=== EXTRACTED MATERIAL ===

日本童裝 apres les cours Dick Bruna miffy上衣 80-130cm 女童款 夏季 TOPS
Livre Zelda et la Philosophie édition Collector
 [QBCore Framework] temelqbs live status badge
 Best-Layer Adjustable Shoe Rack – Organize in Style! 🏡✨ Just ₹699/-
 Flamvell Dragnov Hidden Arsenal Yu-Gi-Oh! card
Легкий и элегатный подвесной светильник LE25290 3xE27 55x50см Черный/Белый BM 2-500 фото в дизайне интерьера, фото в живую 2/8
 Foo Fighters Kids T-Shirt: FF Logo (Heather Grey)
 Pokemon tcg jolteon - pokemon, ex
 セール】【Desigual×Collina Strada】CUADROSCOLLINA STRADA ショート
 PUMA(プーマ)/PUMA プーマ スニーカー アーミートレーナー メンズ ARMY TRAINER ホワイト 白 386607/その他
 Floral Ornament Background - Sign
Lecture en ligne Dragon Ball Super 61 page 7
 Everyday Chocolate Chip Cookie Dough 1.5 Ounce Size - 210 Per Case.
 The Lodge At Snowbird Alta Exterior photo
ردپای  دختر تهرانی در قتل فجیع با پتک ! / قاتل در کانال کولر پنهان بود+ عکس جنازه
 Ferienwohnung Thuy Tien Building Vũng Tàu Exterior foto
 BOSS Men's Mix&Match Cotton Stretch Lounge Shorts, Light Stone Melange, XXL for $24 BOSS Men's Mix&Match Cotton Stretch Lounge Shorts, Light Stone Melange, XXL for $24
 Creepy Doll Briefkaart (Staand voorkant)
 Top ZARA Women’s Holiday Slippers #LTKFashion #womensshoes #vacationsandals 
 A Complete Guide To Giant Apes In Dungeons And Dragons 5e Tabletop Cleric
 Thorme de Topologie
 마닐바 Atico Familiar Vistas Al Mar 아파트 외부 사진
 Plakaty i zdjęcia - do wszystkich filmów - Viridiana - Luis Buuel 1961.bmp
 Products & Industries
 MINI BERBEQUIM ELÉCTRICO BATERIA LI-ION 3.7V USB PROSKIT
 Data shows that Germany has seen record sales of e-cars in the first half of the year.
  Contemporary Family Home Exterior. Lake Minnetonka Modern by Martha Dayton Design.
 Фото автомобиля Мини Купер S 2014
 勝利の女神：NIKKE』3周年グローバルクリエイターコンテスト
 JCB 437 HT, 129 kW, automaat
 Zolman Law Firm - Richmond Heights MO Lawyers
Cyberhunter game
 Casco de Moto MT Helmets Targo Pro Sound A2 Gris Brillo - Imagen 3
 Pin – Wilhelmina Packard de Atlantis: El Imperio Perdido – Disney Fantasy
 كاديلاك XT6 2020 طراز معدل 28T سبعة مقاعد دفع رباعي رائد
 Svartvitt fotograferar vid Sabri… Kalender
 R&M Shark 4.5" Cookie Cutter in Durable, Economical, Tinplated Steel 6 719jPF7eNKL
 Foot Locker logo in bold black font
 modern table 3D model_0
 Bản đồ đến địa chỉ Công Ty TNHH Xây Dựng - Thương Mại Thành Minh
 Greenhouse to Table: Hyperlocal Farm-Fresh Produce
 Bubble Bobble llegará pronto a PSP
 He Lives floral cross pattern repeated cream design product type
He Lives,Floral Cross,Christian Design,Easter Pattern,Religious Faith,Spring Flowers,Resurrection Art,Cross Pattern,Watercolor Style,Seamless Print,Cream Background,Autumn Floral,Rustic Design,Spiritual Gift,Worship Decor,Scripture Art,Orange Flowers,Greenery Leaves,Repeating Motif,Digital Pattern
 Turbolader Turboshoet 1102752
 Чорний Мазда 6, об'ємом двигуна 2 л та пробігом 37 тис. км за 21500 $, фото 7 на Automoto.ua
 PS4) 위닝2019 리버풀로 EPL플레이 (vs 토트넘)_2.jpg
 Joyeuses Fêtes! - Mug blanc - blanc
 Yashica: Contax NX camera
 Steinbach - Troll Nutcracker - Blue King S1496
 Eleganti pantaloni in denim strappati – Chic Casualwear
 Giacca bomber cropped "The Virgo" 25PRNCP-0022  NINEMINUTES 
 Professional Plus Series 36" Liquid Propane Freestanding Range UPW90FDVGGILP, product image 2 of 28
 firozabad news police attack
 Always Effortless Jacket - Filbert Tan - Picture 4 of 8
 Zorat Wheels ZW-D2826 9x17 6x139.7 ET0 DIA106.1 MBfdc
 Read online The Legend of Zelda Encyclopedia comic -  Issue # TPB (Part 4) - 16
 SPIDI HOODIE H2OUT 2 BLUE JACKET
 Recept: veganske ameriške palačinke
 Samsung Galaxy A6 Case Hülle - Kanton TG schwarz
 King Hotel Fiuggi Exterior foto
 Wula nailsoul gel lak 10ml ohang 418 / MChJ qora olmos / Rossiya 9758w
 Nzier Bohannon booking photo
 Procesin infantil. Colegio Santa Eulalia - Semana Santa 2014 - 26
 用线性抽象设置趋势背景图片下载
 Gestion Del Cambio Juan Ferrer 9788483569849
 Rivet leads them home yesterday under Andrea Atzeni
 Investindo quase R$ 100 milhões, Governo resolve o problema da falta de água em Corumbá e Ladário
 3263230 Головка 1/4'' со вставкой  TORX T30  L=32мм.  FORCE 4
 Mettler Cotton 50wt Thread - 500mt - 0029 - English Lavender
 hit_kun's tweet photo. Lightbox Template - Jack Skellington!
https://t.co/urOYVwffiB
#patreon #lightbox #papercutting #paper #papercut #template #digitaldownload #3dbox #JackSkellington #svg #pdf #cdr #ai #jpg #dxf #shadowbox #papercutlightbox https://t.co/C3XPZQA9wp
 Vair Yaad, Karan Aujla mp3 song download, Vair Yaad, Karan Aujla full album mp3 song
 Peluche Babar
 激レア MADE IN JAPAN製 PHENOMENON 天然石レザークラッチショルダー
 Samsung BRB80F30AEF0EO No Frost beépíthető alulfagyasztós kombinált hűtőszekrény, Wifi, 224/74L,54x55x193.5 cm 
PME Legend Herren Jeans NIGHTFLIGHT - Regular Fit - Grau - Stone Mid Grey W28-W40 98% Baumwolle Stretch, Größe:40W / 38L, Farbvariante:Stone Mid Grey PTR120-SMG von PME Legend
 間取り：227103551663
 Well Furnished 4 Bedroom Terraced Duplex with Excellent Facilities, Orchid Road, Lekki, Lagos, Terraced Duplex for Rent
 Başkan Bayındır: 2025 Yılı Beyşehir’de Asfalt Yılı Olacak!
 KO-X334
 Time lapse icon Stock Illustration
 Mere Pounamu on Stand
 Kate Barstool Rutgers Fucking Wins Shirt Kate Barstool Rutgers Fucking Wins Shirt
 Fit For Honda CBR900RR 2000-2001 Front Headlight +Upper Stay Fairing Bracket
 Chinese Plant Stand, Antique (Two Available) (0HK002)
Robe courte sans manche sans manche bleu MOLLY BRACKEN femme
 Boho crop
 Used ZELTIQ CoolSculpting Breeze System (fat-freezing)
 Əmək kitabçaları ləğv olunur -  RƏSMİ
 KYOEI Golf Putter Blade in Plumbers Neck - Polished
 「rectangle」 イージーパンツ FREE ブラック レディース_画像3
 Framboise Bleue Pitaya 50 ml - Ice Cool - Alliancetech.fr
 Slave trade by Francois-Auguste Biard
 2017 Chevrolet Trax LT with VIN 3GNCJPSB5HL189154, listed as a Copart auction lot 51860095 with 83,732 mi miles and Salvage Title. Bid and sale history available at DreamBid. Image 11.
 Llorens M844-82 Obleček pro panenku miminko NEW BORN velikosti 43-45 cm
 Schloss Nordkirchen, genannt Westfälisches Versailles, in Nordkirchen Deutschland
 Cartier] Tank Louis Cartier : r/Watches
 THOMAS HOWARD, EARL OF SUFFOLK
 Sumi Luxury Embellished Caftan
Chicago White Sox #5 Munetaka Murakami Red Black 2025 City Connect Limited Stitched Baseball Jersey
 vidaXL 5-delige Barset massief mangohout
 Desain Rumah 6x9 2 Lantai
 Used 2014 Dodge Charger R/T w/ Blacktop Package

===

— PROBLEM TO WORK ON —
Copy every line of the data where "photo" is found.

— REPLY —
 The Lodge At Snowbird Alta Exterior photo
 Nzier Bohannon booking photo
 hit_kun's tweet photo. Lightbox Template - Jack Skellington!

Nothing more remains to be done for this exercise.